My lessons always started with the epistemology of measurement: How did this idea come to man? What was the first measuring device?

But first of all, one of the transparencies that I projected on the overhead projector, was the notion of balance.

Because, the measuring devices registered in the program of the time, were designed with the measurement that comes from the balance above all.

The more I deepened my research on the world of measurement that came to me, the more I felt an unqualified force that carried me towards my students eager for the knowledge that I transmitted to them.


“Man is the
measure of all things: of those who are, of the fact that they are; of those
who are not, because they are not” said Plato.

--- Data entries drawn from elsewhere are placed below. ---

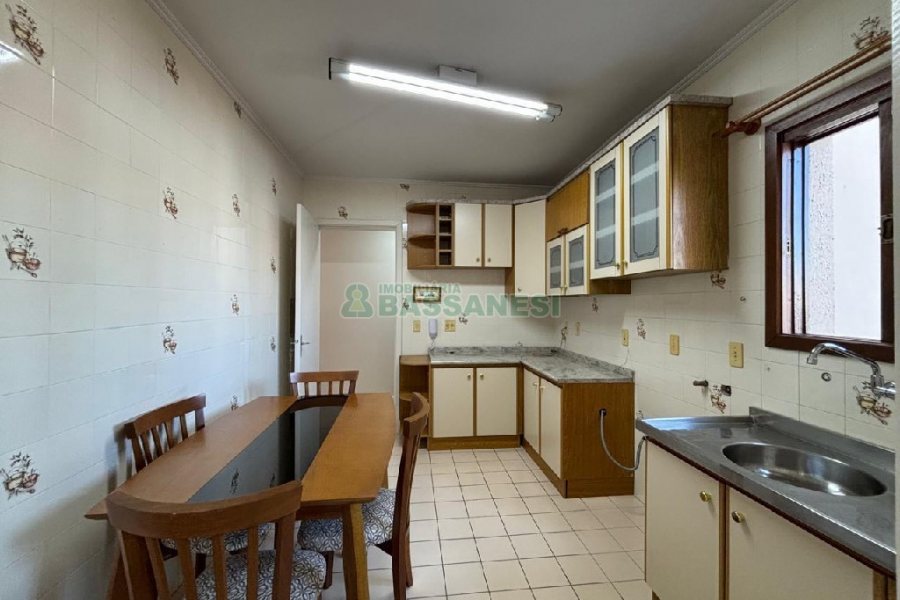 Apartamento com 84m², 2 dormitórios, 1 vaga, no bairro Rio Branco em Caxias do Sul para Alugar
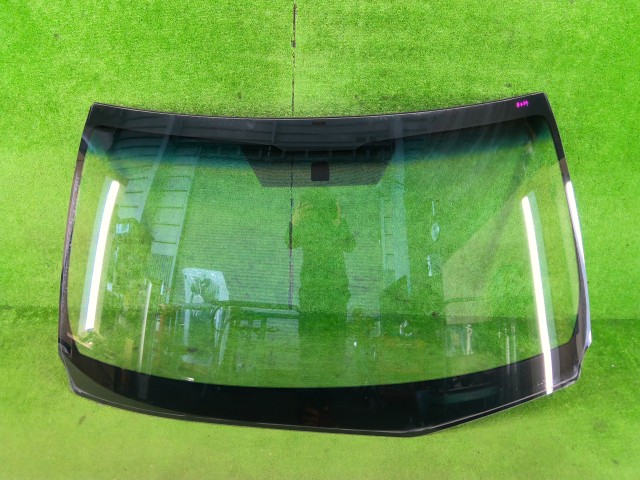 【中古】中古部品 クラウン AWS210 ﾌﾛﾝﾄｳｲﾝﾄﾞｶﾞﾗｽ 【3330990100-260501000111200】｜e-cleマート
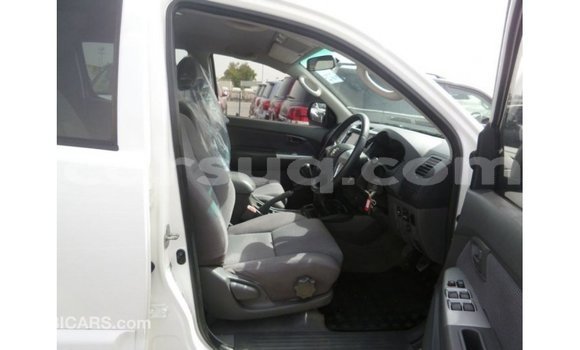 Buy Import Toyota Hilux White Car in Import - Dubai in Barh el Gazel Buy Import Toyota Hilux White Car in Import - Dubai in Barh el Gazel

Capturing, studying a phenomenon and then evaluating it experimentally to give it physical grandeur is a long story that has marked all of human history.

From the theoretical courses, to the tutorials and to the practicals, the story that I told them governing a measuring device was there always omnipresent.

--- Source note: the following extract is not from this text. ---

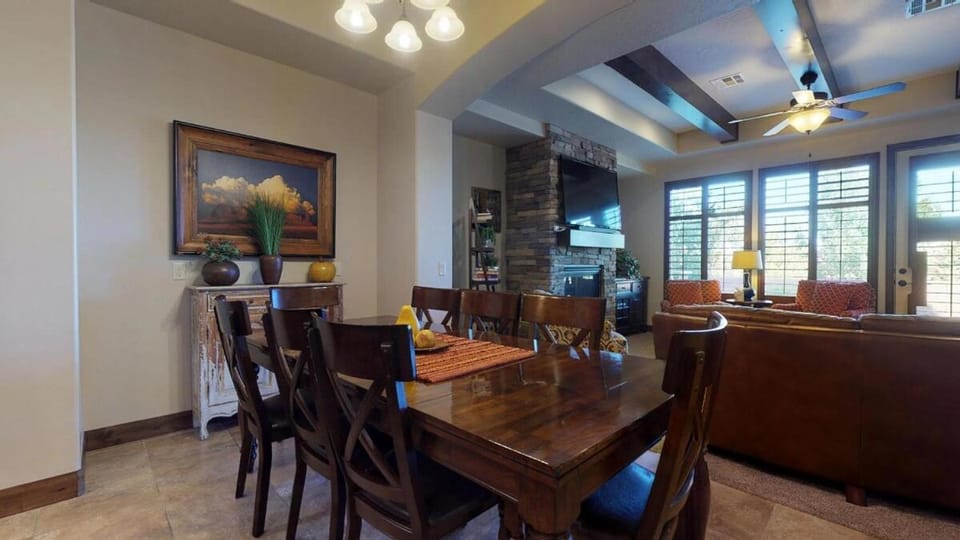 Kolob Canyon at Coral Ridge Resort House in Washington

From the surveyor’s rope that the scribes used in the time of the pharaohs to measure the cultivated areas and record the harvest for tax, to the simple graduated rule with the most complex devices, the size assigned requires knowledge of physical laws , processing the influx from one or more sensors. How can I explain this to them in a simple and attractive way?

It is by approaching the system of measurement standards, that I approached the repository. Can we be what we are without a frame of reference? It was the same with the design of a measuring device.

From the measurement of length to that of weight, over time, the electrical intensity I defined the MKSA system (Meters, Kilogram, Second Amps) by telling my story from zero point in Algeria … that of my birth. The story of my childhood neighborhood: the Colonne Voirol.

It was an opportunity to invite my students to enter the world of knowledge practically by telling them the story of the neighborhood of my childhood which is the zero point of all distances in Algeria. Sidi Bel Abbes is 434.51 km from Colonne Voirol. They understood the frame of reference and from there I continued the history of measurement standards.

I’ve been teaching this module for years, and never have I had so much fun with my students at all the universities I’ve been through.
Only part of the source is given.